# TASK OBJECTIVE:
Transcribe only the lines in the data below falling between the line with "Faymonville MAX Trailer" and the line with "Men's Watches,Leather Strap", including those two lines, and leave out any picture.

# DATA EXCERPTS:
--------------------------------

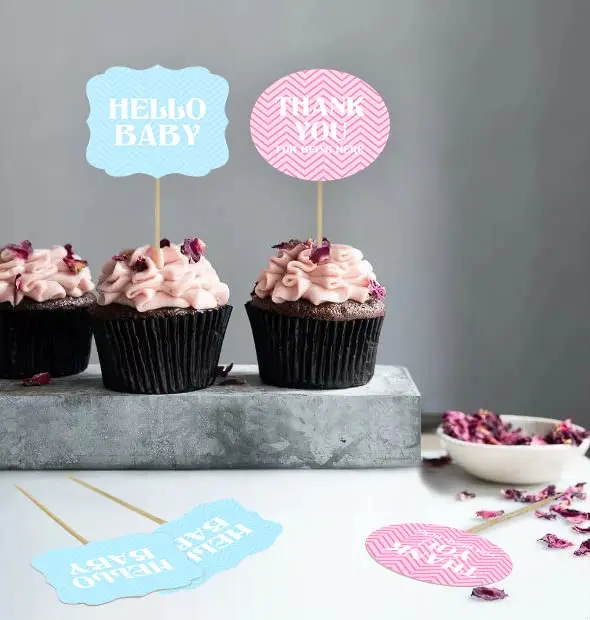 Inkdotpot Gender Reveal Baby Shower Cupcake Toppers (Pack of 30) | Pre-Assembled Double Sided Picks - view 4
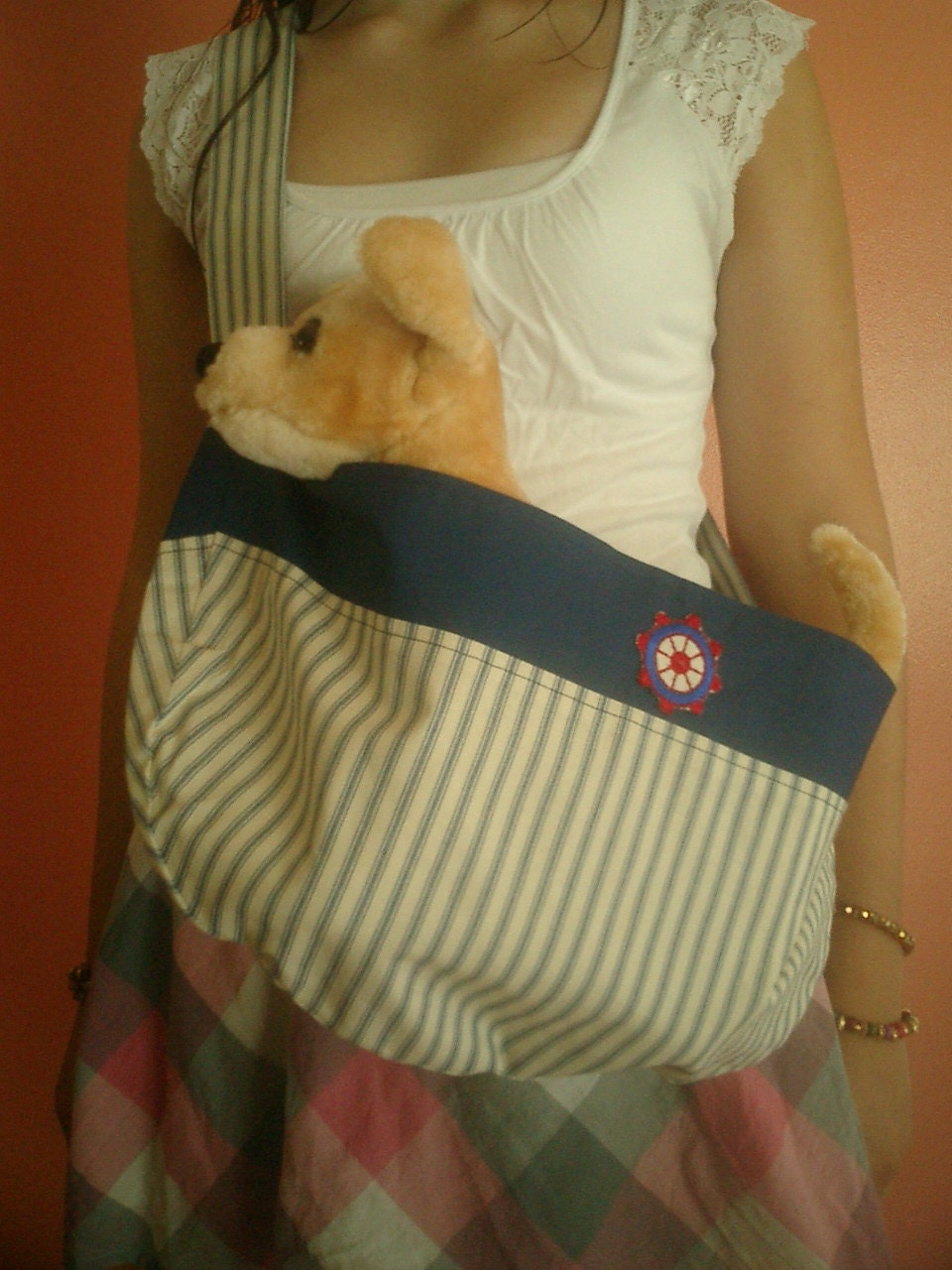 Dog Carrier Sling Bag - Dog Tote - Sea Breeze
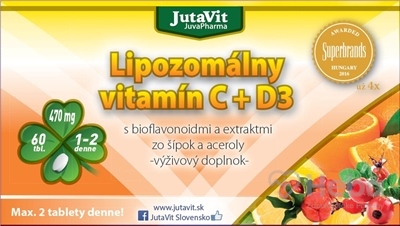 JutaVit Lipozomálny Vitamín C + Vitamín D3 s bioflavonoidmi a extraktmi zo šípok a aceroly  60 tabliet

--------------------------------

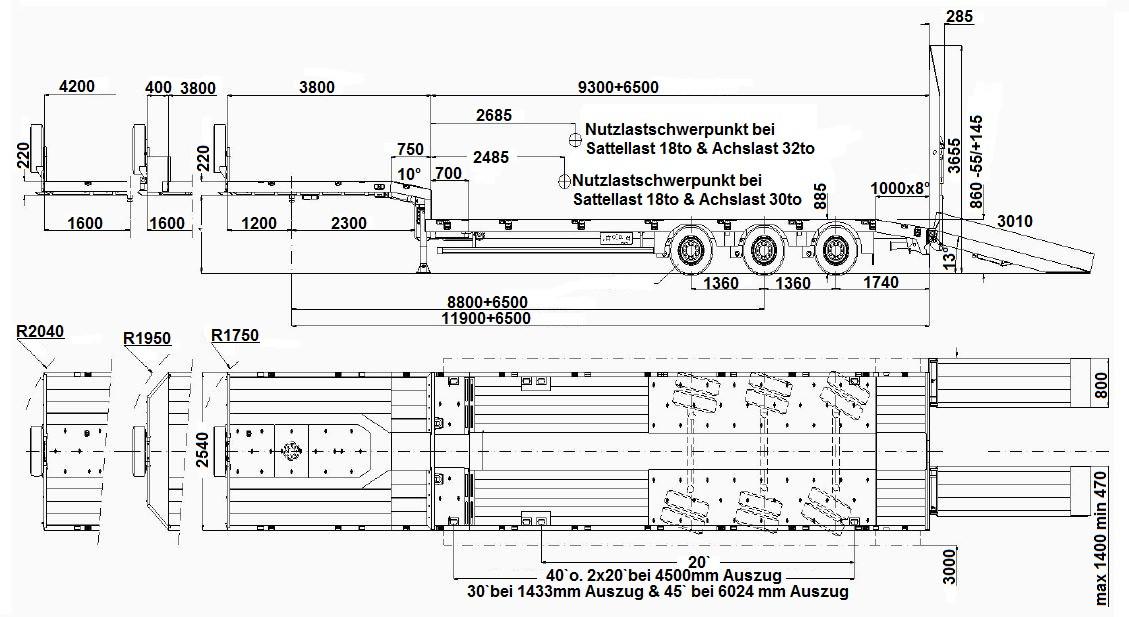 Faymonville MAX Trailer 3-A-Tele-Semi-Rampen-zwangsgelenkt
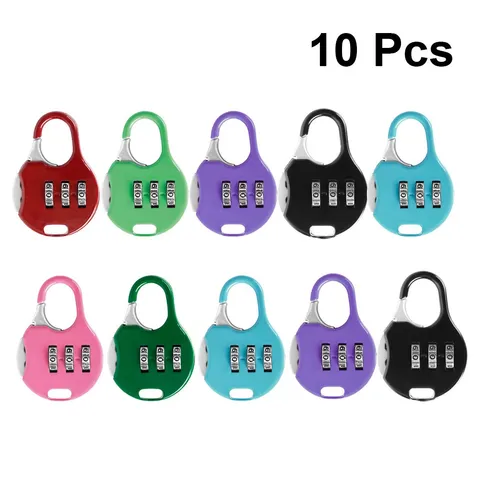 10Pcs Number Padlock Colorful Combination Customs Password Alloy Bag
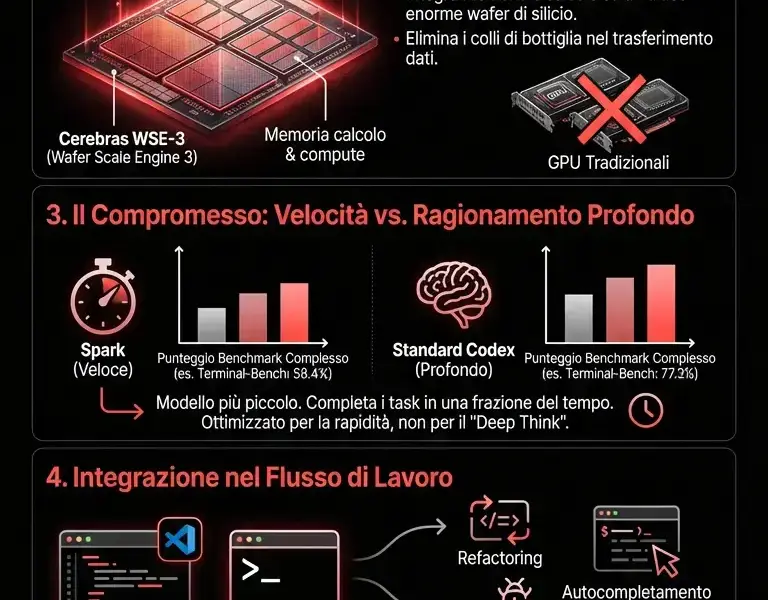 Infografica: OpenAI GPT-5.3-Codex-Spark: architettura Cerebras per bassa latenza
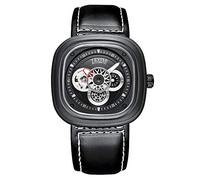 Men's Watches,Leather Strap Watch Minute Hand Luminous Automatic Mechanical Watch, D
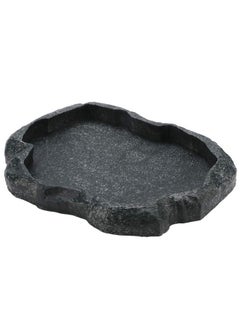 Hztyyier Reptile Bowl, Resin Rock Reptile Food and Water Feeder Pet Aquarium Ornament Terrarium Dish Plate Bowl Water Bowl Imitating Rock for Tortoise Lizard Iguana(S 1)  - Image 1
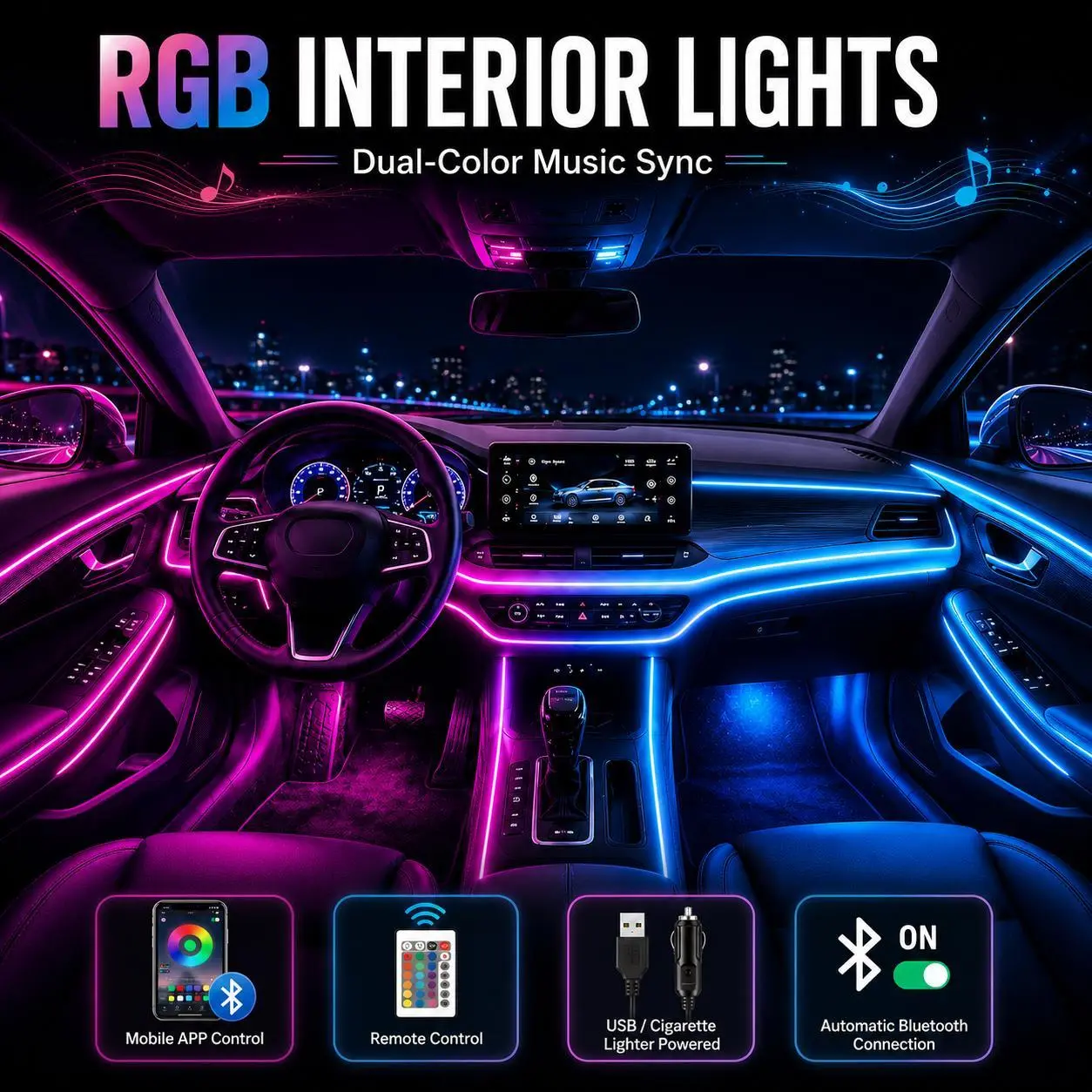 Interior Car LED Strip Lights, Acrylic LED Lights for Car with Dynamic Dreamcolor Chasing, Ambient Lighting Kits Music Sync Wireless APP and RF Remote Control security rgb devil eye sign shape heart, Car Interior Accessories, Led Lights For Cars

--------------------------------

# EXERCISE ANSWER:
 Faymonville MAX Trailer 3-A-Tele-Semi-Rampen-zwangsgelenkt
 10Pcs Number Padlock Colorful Combination Customs Password Alloy Bag
 Infografica: OpenAI GPT-5.3-Codex-Spark: architettura Cerebras per bassa latenza
 Men's Watches,Leather Strap Watch Minute Hand Luminous Automatic Mechanical Watch, D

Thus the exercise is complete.